Senibudayabetawi.com – Keberagaman masyarakat di Batavia yang tak sekadar dalam hal status, ekonomi dan sosial tapi etnis dan kebudayaan memicu ketimpangan. Namun, perempuan sangat berperan penting dalam menyatukan mereka. Perempuan bahkan berhasil memengaruhi kehidupan orang Eropa dan Tionghoa sehingga membuat kehidupan mereka menyatu dengan kebudayaan di Batavia.
Pada abad ke-18, jumlah laki-laki asing jauh lebih banyak daripada jumlah perempuan asing. Itulah alasan mereka kebanyakan mencari pasangan perempuan dari kelompok Bumiputra. Namun selanjutnya, jumlah laki-laki setiap kelompok etnis meningkat pesat pada abad ke-19.

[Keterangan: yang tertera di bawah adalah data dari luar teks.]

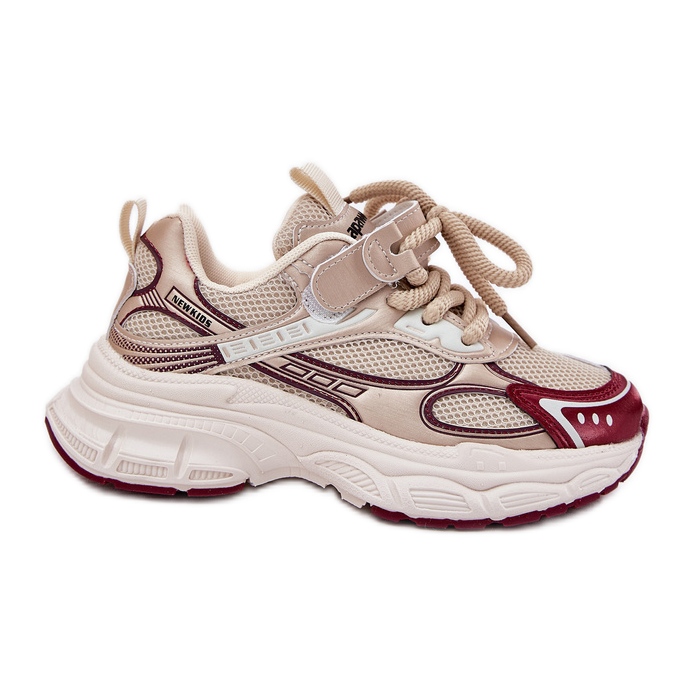 Kinder -Turnschuhe auf einer dicken goldenen Sohle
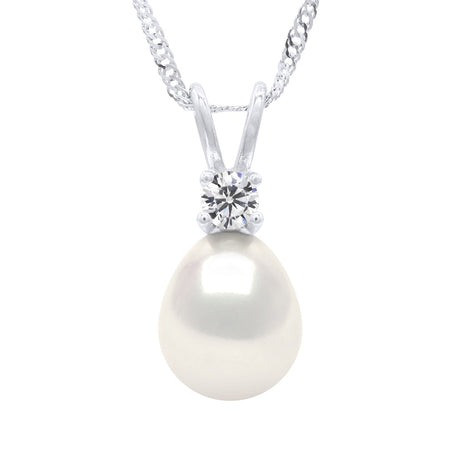 Necklace Adorned with A "V" Pendant - Longueur Collier 42 cm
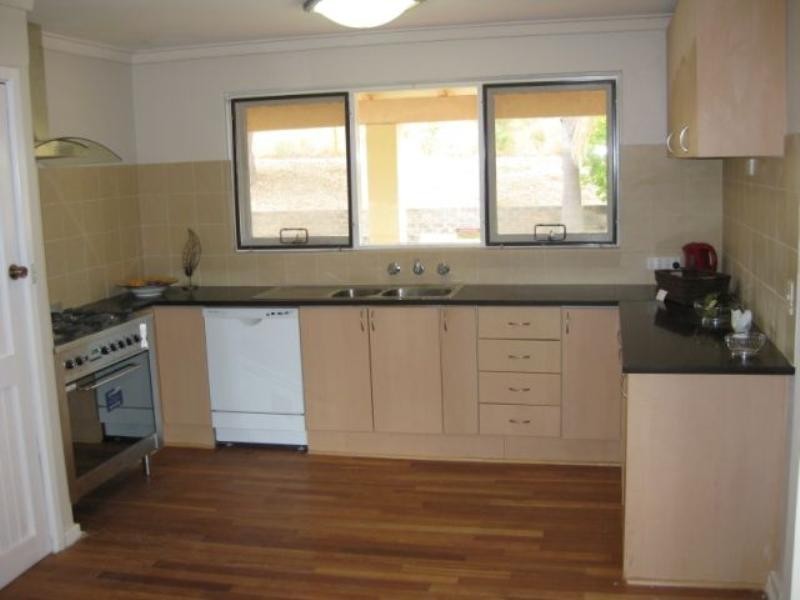 255 Viveash Road, Swan View WA 6056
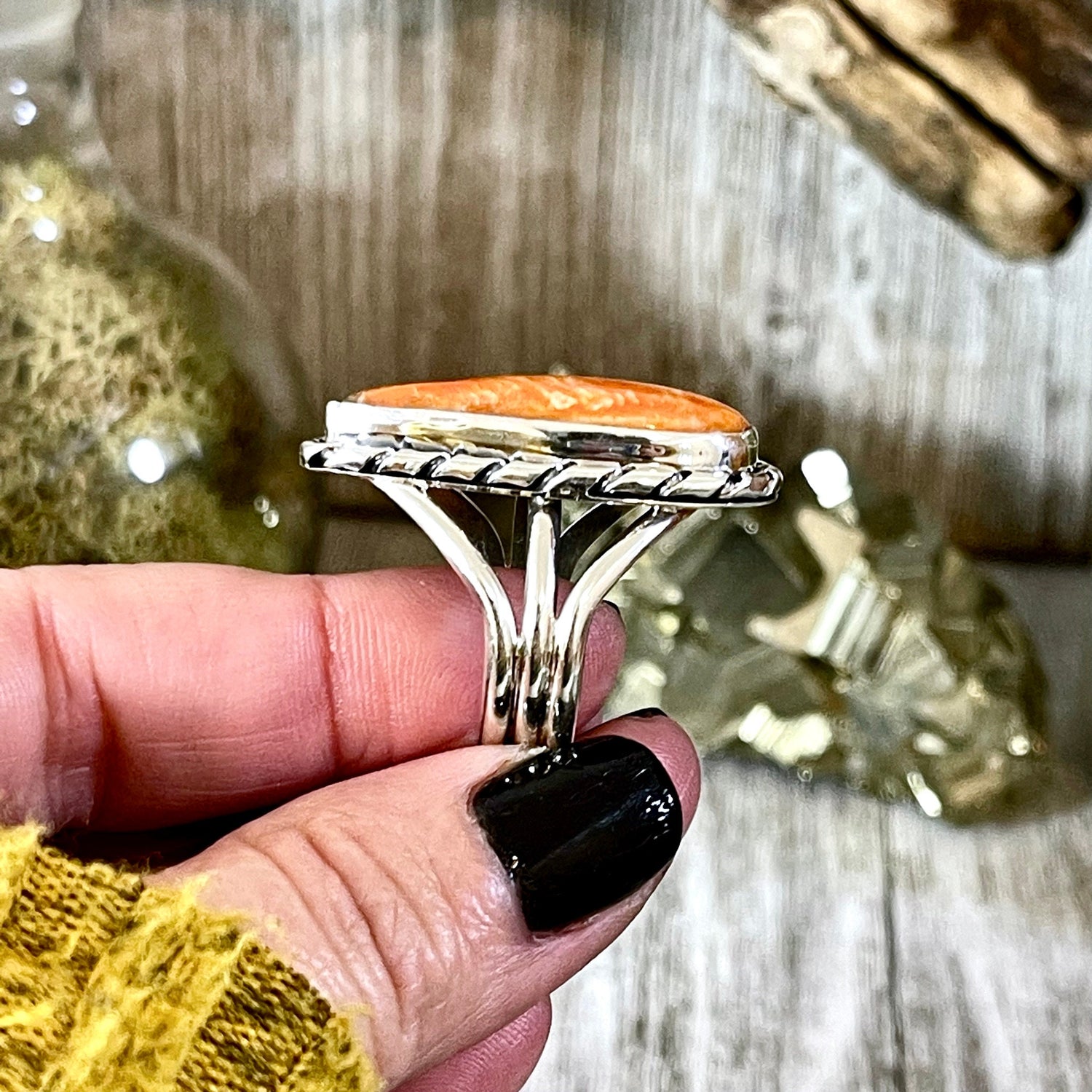 Size 10 Stunning Spiny Oyster Statement Ring Set in Sterling Silver / Curated by FOXLARK Collection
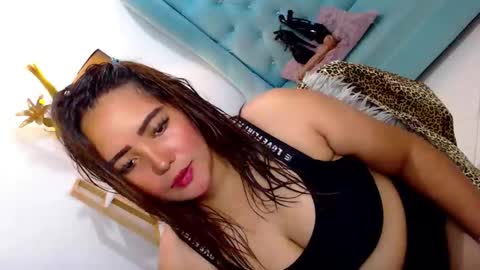 Snapshot of sexyjeanniecuntcums chatting on October 6, 10:45 am JENNY online show from October 6, 10:45 am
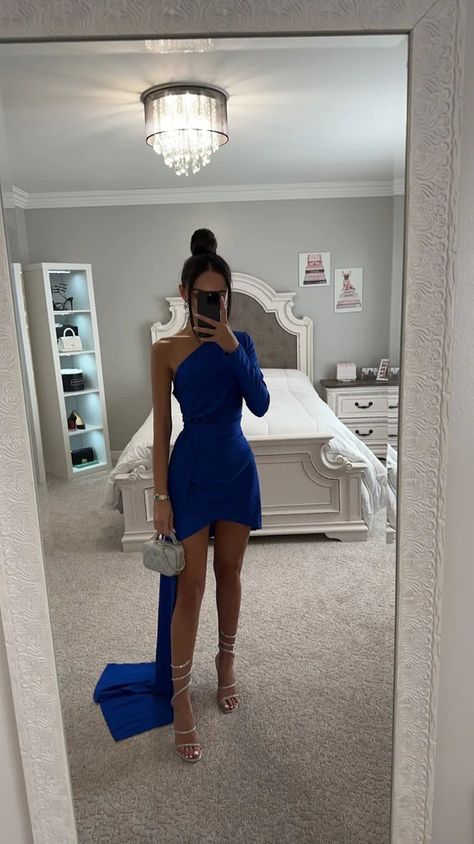 Medium Dresses Formal, Blue Princess Prom Dress, Dresses To Wear To Graduation, Blue Graduation Dress, Midi Gown, Tight Prom Dresses, Midi Gowns, Dance All Night, Plus Size Fall Outfit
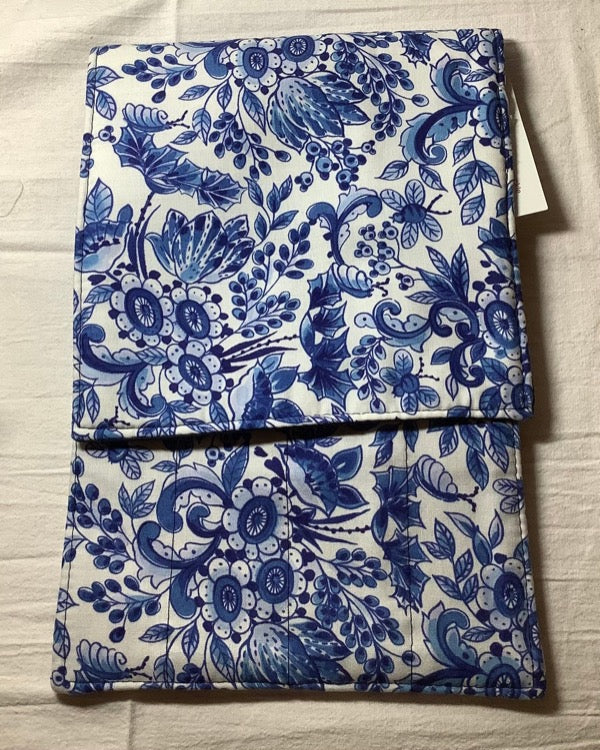 Honeysuckle Cottage Project Pouch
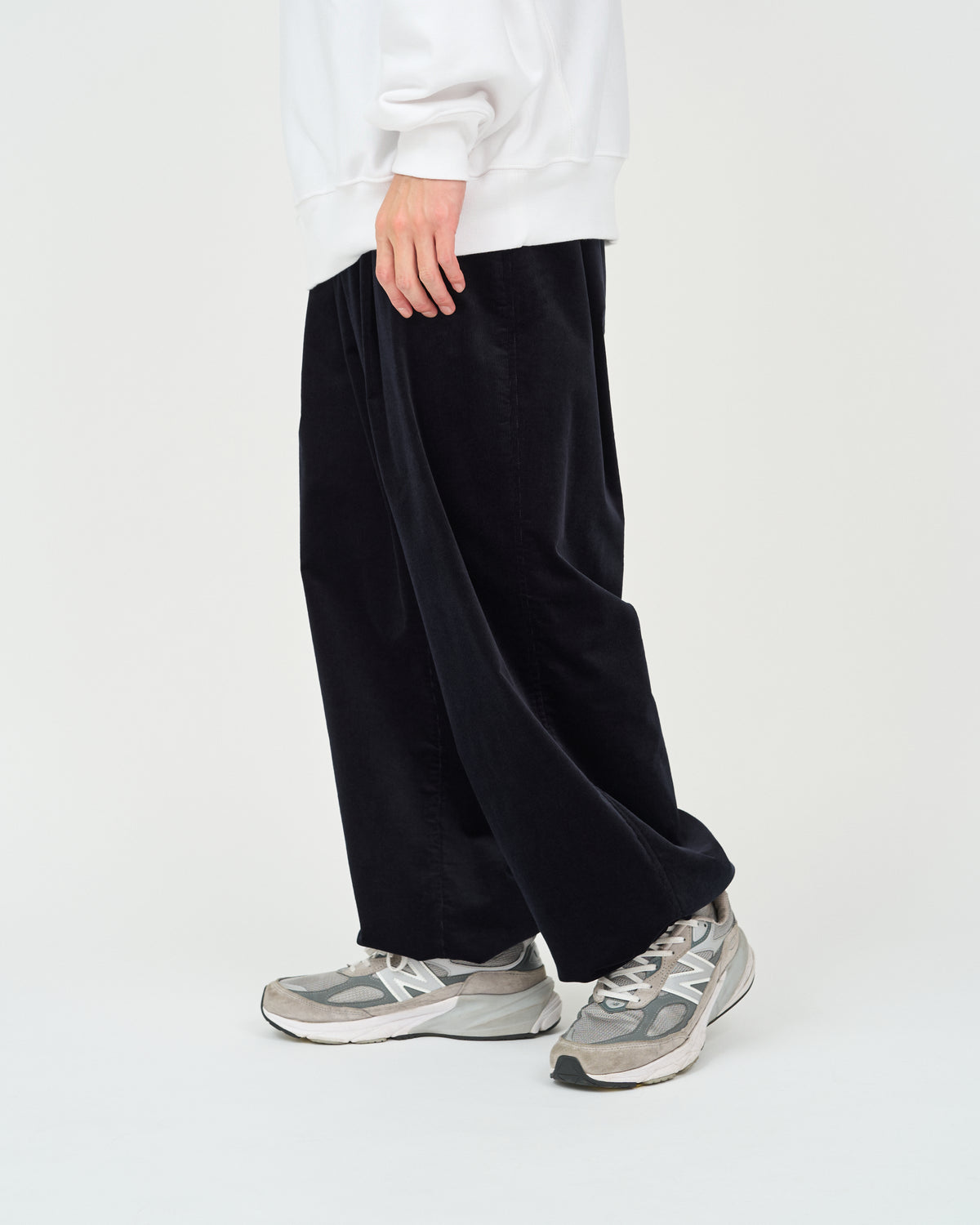 【10/3(土)発売】AIR CORDUROY WIDE TROUSERS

Dalam Harga diri dan prasangka: masyarakat multikultural di Batavia abad 17 sampai 19, disebutkan bahwa abad 19 ini sekaligus menjadi puncak banyak dari orang-orang Belanda dari golongan kaya mulai beradaptasi dengan gaya hidup Bumiputra. Mulai dari memakan pemakaian bahasa Melayu oleh hampir semua perempuan di Batavia. Kaum lelaki di Batavia mulai mengenakan satung, sedangkan sebagian besar perempuan di Batavia mengenakan kebaya. Meski demikian tetap terdapat variasi pembeda model pakaian kebaya dengan Bumiputra asli.

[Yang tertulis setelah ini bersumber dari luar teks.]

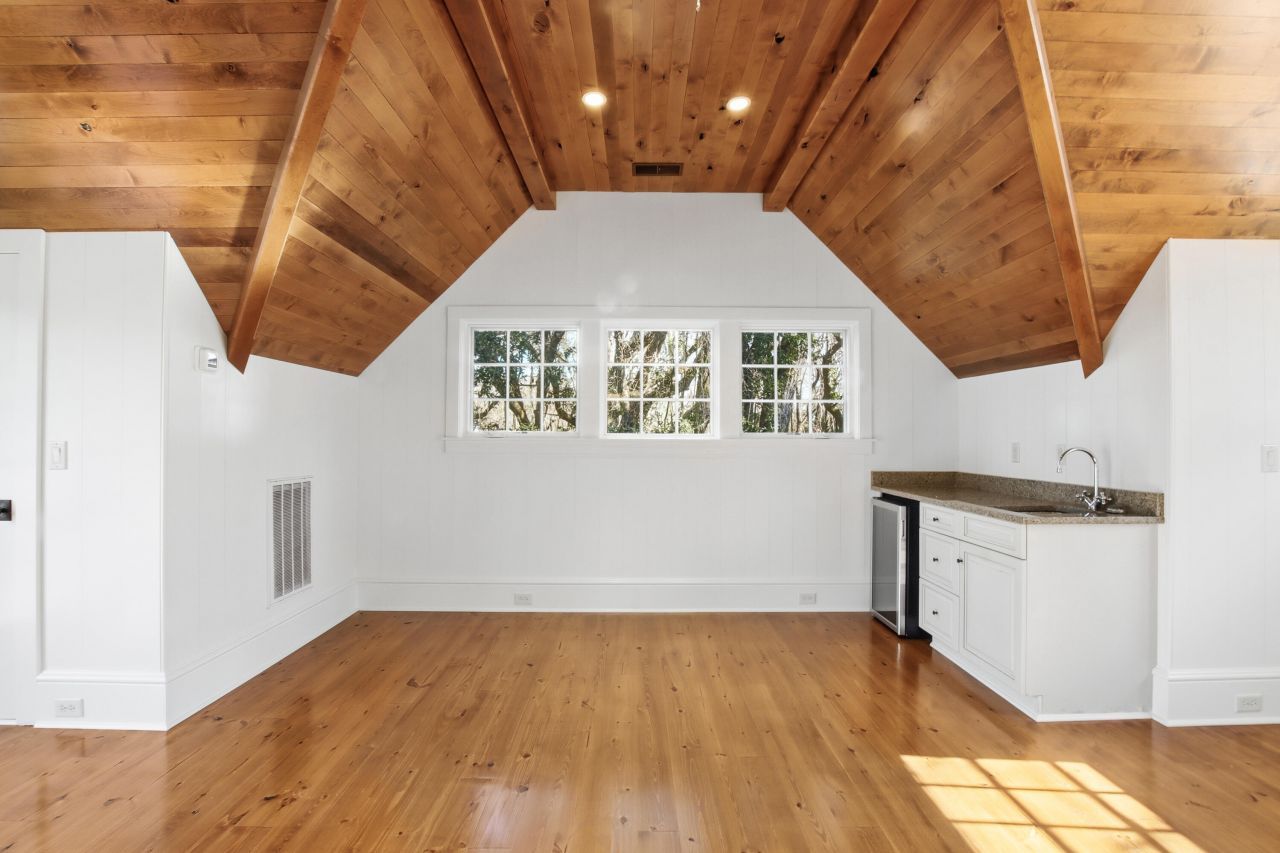 290 Delahow Street Photo 75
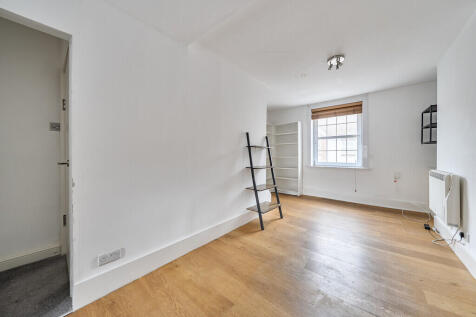 Winchester Street, Salisbury photo 3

Misalnya, perempuan Eropa dan nyai yang cenderung mengenakan kebaya putih dengan tepi berenda. Kebaya perempuan peranakan memiliki ujung yang runcing dan sarung batik mereka pun memiliki warna dan pola tersendiri. Sementara para perempuan Betawi mengenakan kebaya yang lebih panjang dan warna yang lebih bervariasi.

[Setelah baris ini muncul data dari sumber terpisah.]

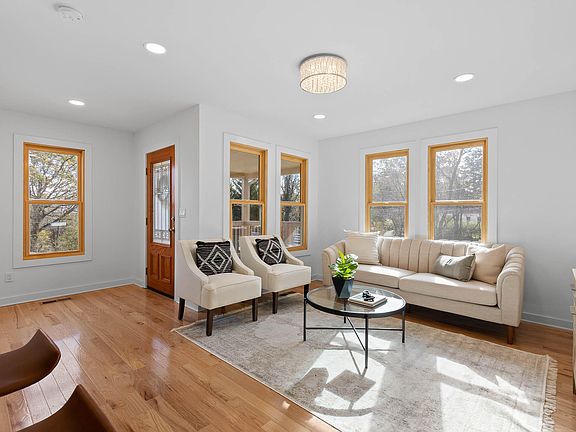 5th image of 106 Everette St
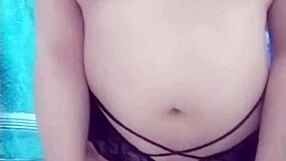 Secretaria culona mexicana se quita todo su uniforme en el cuatro de lavado del trabajo y muestra todos su culo gordo y sus ricos senos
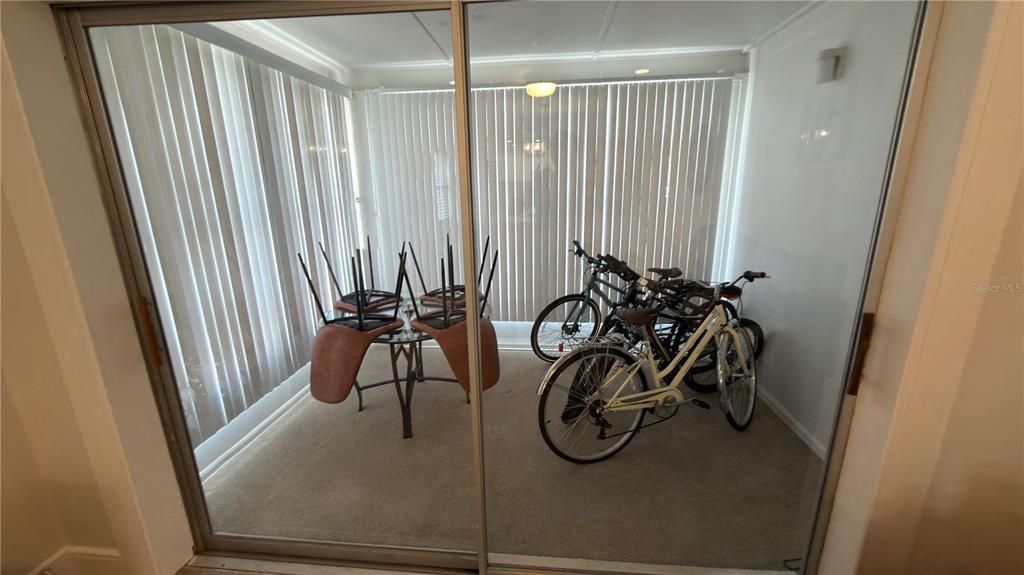 For Rent: $3,500 (2 beds, 1 baths, 855 Square Feet)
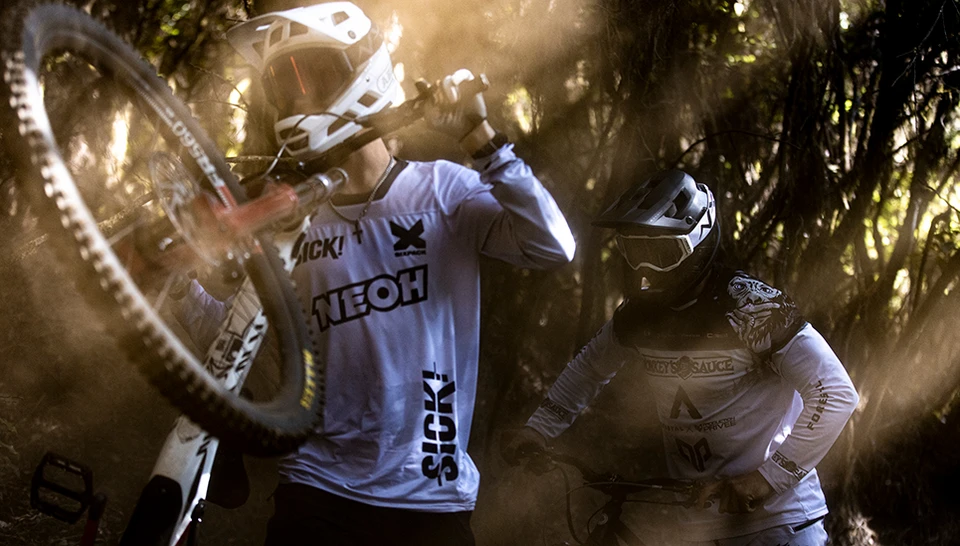 Gabriel Wibmer i Cédric Gracia na wyspie La Palma ©ABUS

Pengaruh Budaya dan Bahasa
Orang-orang Belanda juga mulai beradaptasi dengan gaya hidup Bumiputra seperti memakan rijstaffel, mengenakan sarung ketika berada di rumah hingga tidur siang setelah makan. Bahkan, orang-orang Eurasia miskin berbicara dalam bahasa Melayu, bukan dalam bahasa Belanda atau menggunakan bahasa Belanda dengan struktur gramatika Melayu.
Dalam hal budaya, pengaruh seni budaya Batavia juga secara tak langsung digemari oleh orang Eurasia. Mereka juga bahkan kerap mempopulerkannya, seperti keroncong dan komedi stanbul.
Hal yang sama juga terjadi pada etnis Tionghoa. Mereka terpengaruh dengan berbagai tradisi budaya dan kepercayaan di Batavia, seperti kepercayaan terhadap hantu Nusantara, konsultasi dengan dukun, dan sebagainya.
Bahasa Mandarin juga tidak lagi digunakan orang Tionghoa peranakan karena mereka lahir dan besar di Batavia dimana orang tua mereka yang berasal langsung dari Tiongkok Daratan mulai beradaptasi dengan kebudayaan Nusantara.
Adapun bahasa sehari-hari yang mereka gunakan adalah bahasa Melayu-Mandarin Batavia, yaitu bahasa Melayu yang dipengaruhi oleh bahasa Jawa, Belanda, dan Hokkien (Mandarin). Orang-orang Tionghoa ini kerap menggunakan bahasa ini pada abad ke-19 dimana sejumlah orang Tionghoa peranakan menerbitkan artikel, syair, dan novel.
Sama halnya dengan masyarakat Bumiputra, orang Tionghoa sama-sama menyukai beberapa bentuk kesenian, seperti gambang kromong hingga cokek dari para gadis Bumiputra.